Casting Operators in C++
Last Updated :
12 Mar, 2024
Casting operators are used for type casting in C++. They are used to convert one data type to another. C++ supports four types of casts:
- static_cast
- dynamic_cast
- const_cast
- reinterpret_cast
1. static_cast
The static_cast operator is the most commonly used casting operator in C++. It performs compile-time type conversion and is mainly used for explicit conversions that are considered safe by the compiler.
Syntax of static_cast
static_cast <new_type> (expression);
where,
- expression: Data to be converted.
- new_type: Desired type of expression
The static_cast can be used to convert between related types, such as numeric types or pointers in the same inheritance hierarchy.
Example of static_cast
C++
// C++ program to illustrate the static_cast
#include <iostream>
#include <typeinfo>
using namespace std;
int main()
{
int num = 10;
// converting int to double
double numDouble = static_cast<double>(num);
// printing data type
cout << typeid(num).name() << endl;
// typecasting
cout << typeid(static_cast<double>(num)).name() << endl;
// printing double type t
cout << typeid(numDouble).name() << endl;
return 0;
}
In this example, we have included the “typeinfo” library so that we can use typeid() function to check the data type.

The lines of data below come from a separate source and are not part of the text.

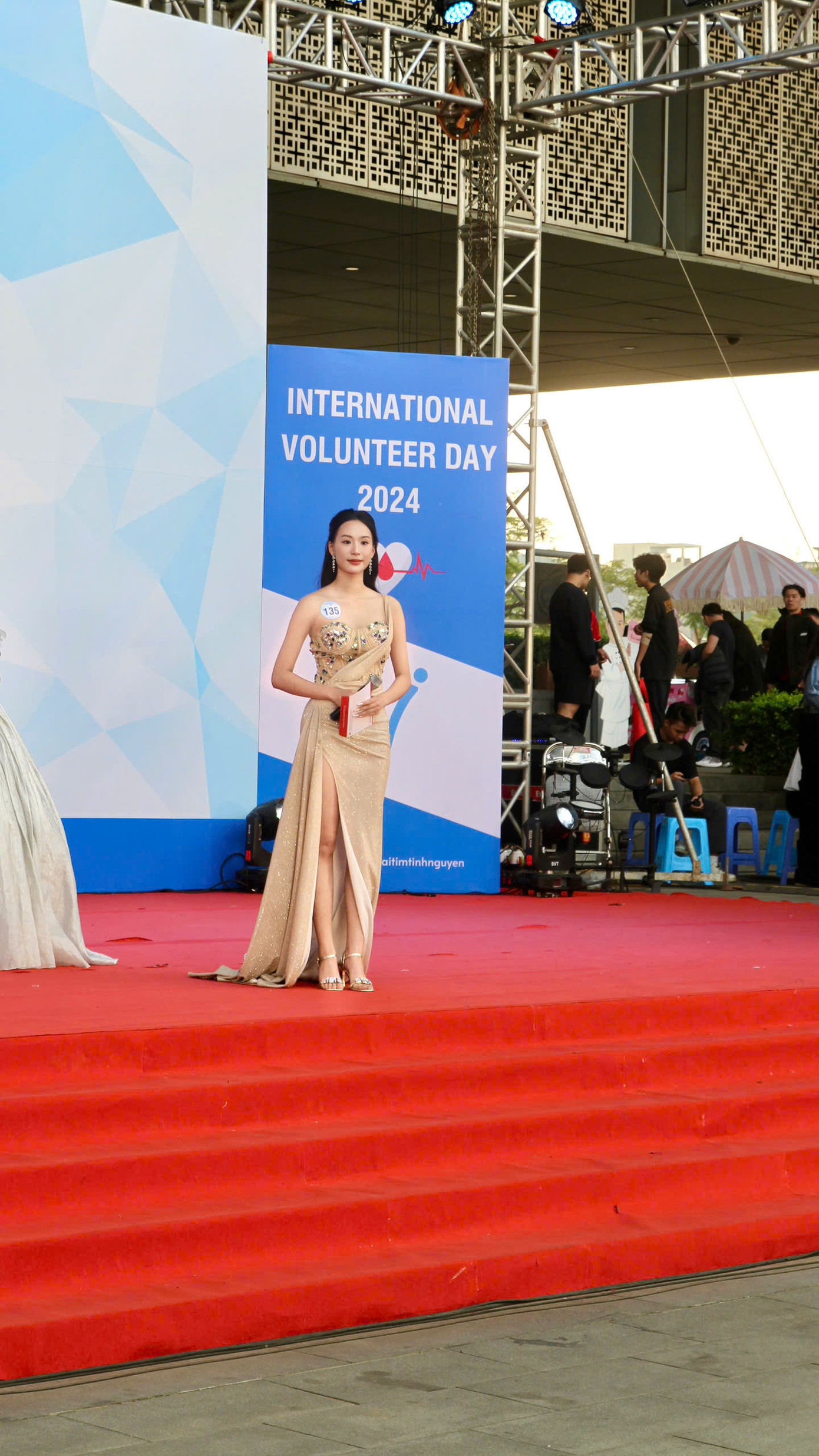 Hoa khôi mong các bạn trẻ sẽ có nhiều hành động vì các mục tiêu cộng đồng. Hoa khôi mong các bạn trẻ sẽ có nhiều hành động vì các mục tiêu cộng đồng.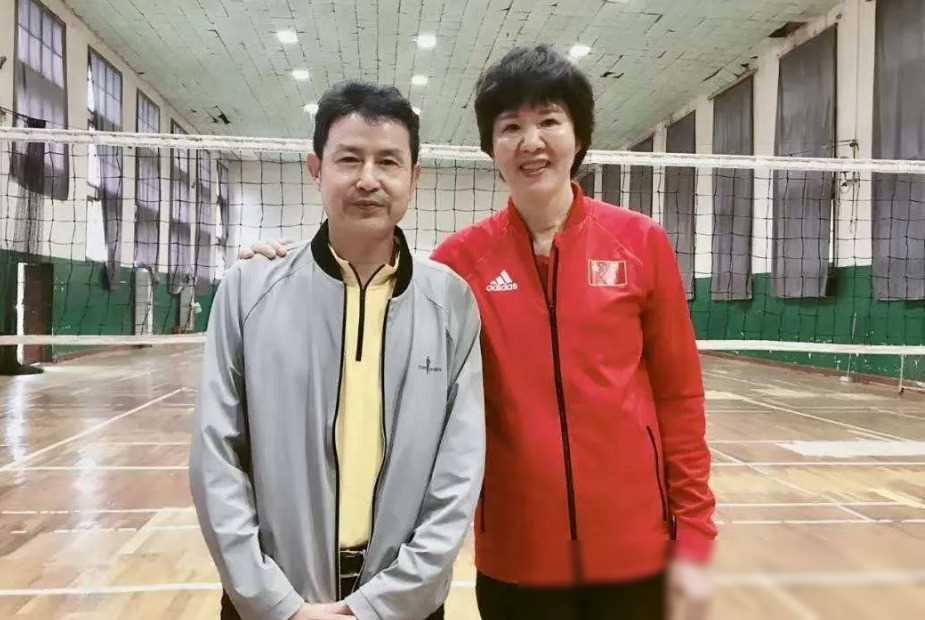 原创女排帅陈忠和与郎平亦师亦友前妻离世再婚娶女排队员简述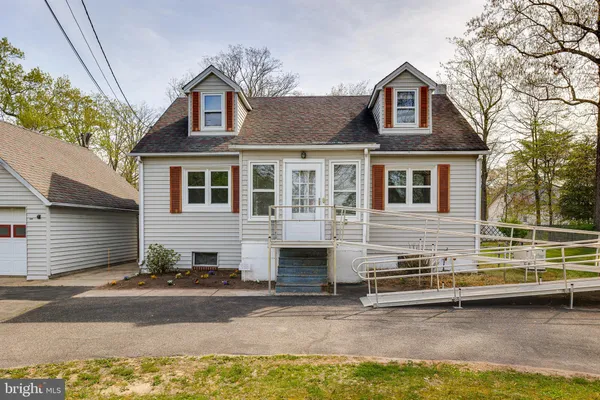 $300,000 | 117 Pine Lane, Hainesport, NJ 08036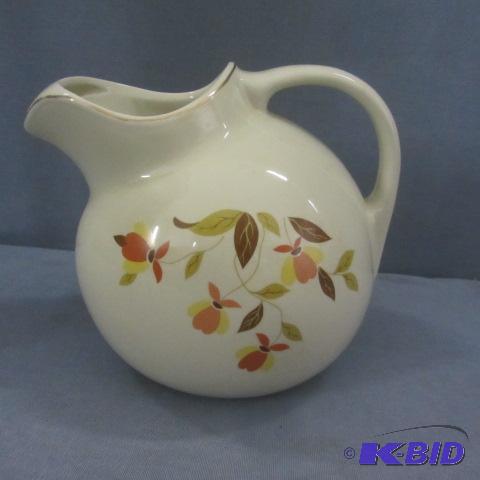 lot 3 image: Halls Jewel Tea Pitcher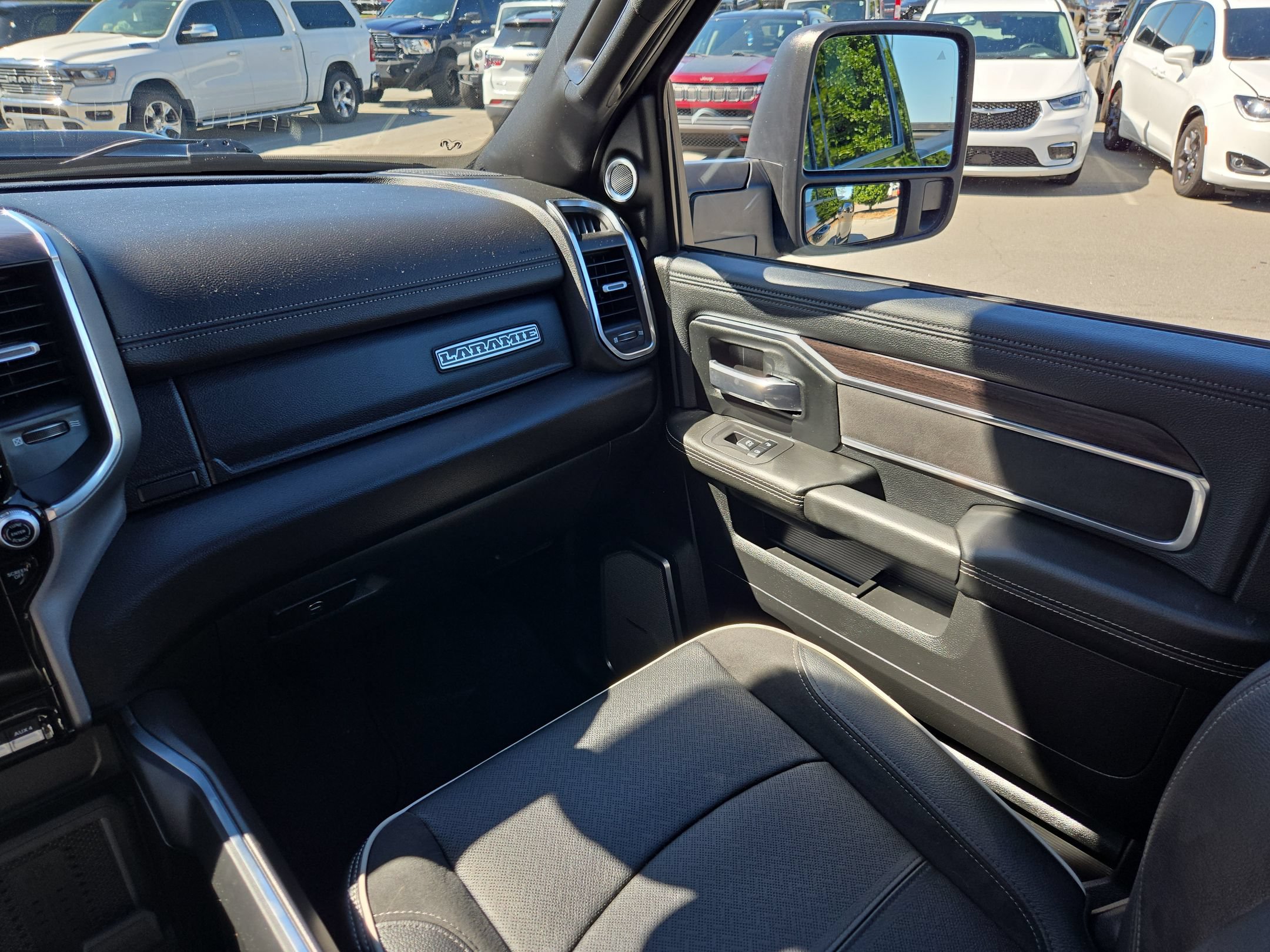 Used 2025 RAM 3500 Laramie AWD/4WD image 11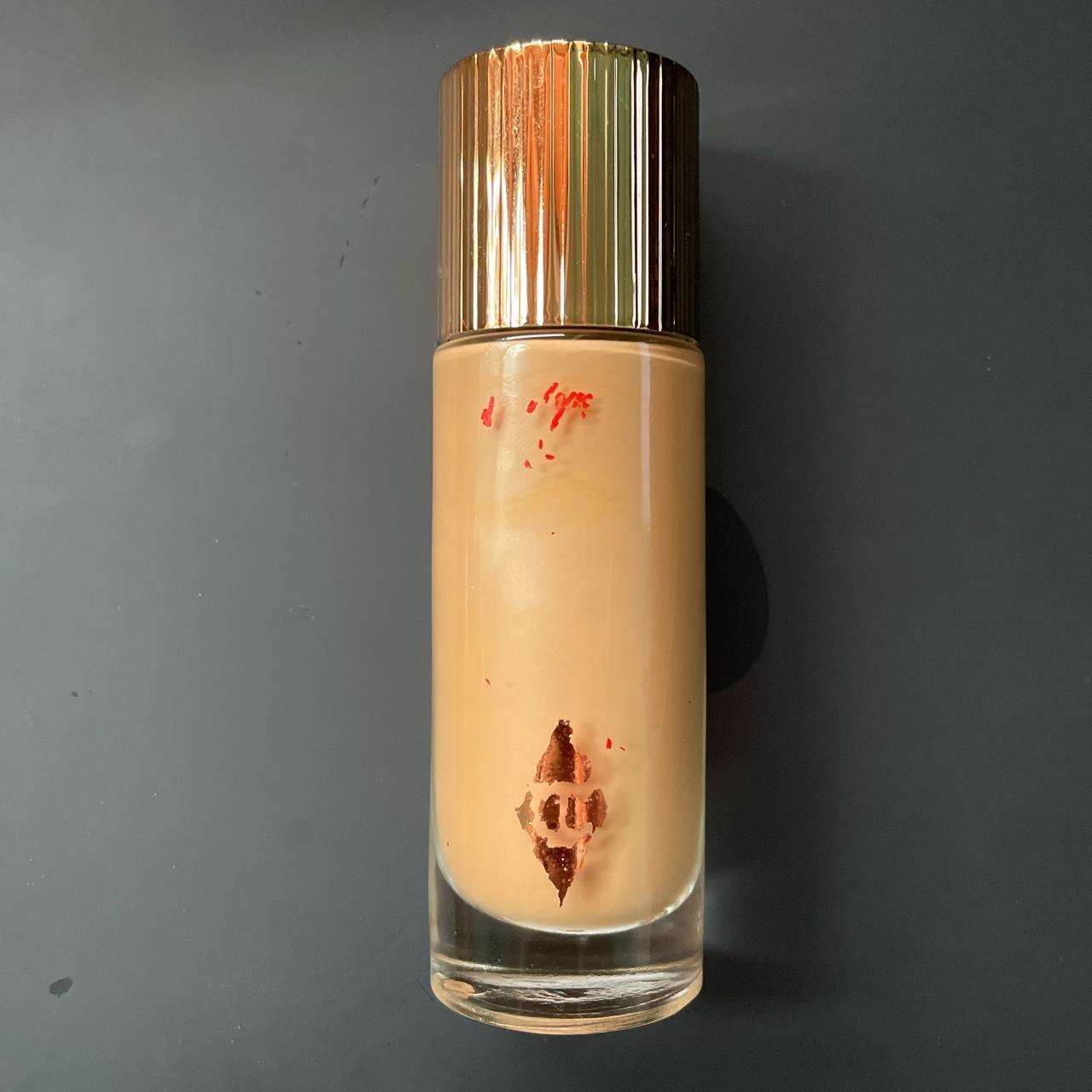 Charlotte Tilbury Tan and Cream Makeup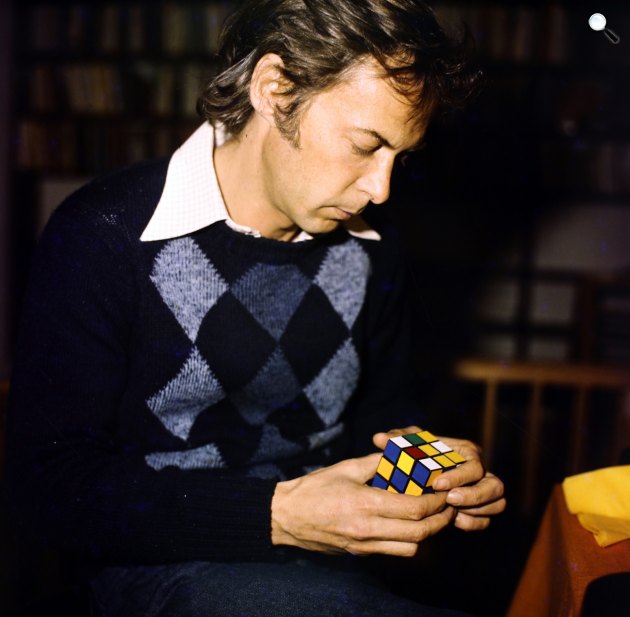 Rubik Ernő, a Rubik-kocka (bűvös kocka) feltalálója, 1980 (Fotó. Fortepan/Szalay Béla)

We have defined an integer variable ‘num’ and converted it into a double using static_cast. After that, we print the data types of variables and pass static_cast<double>(num) in typeid() function to check its data type. we can see the output “i, d, d” is printed where ‘i’ denotes integer and ‘d’ denotes double.
2. dynamic_cast
The dynamic_cast operator is mainly used to perform downcasting (converting a pointer/reference of a base class to a derived class). It ensures type safety by performing a runtime check to verify the validity of the conversion.
Syntax of dynamic_cast
dynamic_cast <new_type> (expression);
If the conversion is not possible, dynamic_cast returns a null pointer (for pointer conversions) or throws a bad_cast exception (for reference conversions).
Example of dynamic_cast
C++
// C++ program to illustrate the dynamic_cast
#include <iostream>
using namespace std;
// Base Class
class Animal {
public:
virtual void speak() const
{
cout << "Animal speaks." << endl;
}
};
// Derived Class
class Dog : public Animal {
public:
void speak() const override
{
cout << "Dog barks." << endl;
}
};
// Derived Class
class Cat : public Animal {
public:
void speak() const override
{
cout << "Cat meows." << endl;
}
};
int main()
{
// base class pointer to derived class object
Animal* animalPtr = new Dog();
// downcasting
Dog* dogPtr = dynamic_cast<Dog*>(animalPtr);
// checking if the typecasting is successfull
if (dogPtr) {
dogPtr->speak();
}
else {
cout << "Failed to cast to Dog." << endl;
}
// typecasting to other dervied class
Cat* catPtr = dynamic_cast<Cat*>(animalPtr);
if (catPtr) {
catPtr->speak();
}
else {
cout << "Failed to cast to Cat." << endl;
}
delete animalPtr;
return 0;
}
Explanation: The first line of output is printed because the ‘animalPtr’ of the ‘Animal’ type is successfully cast to the ‘Dog’ type and speak() function of the Dog class is invoked but the casting of the ‘Animal’ type to ‘Cat’ type is failed because ‘animalPtr’ points to a ‘Dog’ object thus, the dynamic cast fails because the typecasting is not safe.
3. const_cast
The const_cast operator is used to modify the const or volatile qualifier of a variable. It allows programmers to temporarily remove the constancy of an object and make modifications. Caution must be exercised when using const_cast, as modifying a const object can lead to undefined behavior.
Syntax for const_cast
const_cast <new_type> (expression);
Example of const_cast
C++
// C++ program to illustrate the const_cast
#include <iostream>
using namespace std;
int main()
{
const int number = 5;
// Pointer to a const int
const int* ptr = &number;
// int* nonConstPtr = ptr; if we use this
// instead of without using const_cast
// we will get error of invalid conversion
int* nonConstPtr = const_cast<int*>(ptr);
*nonConstPtr = 10;
cout << "Modified number: " << *nonConstPtr;
return 0;
}
In the above example, we have modified the value of the const type pointer by changing its qualifier from const to non-const and then printing the modified value.
4. reinterpret_cast
The reinterpret_cast operator is used to convert the pointer to any other type of pointer. It does not perform any check whether the pointer converted is of the same type or not.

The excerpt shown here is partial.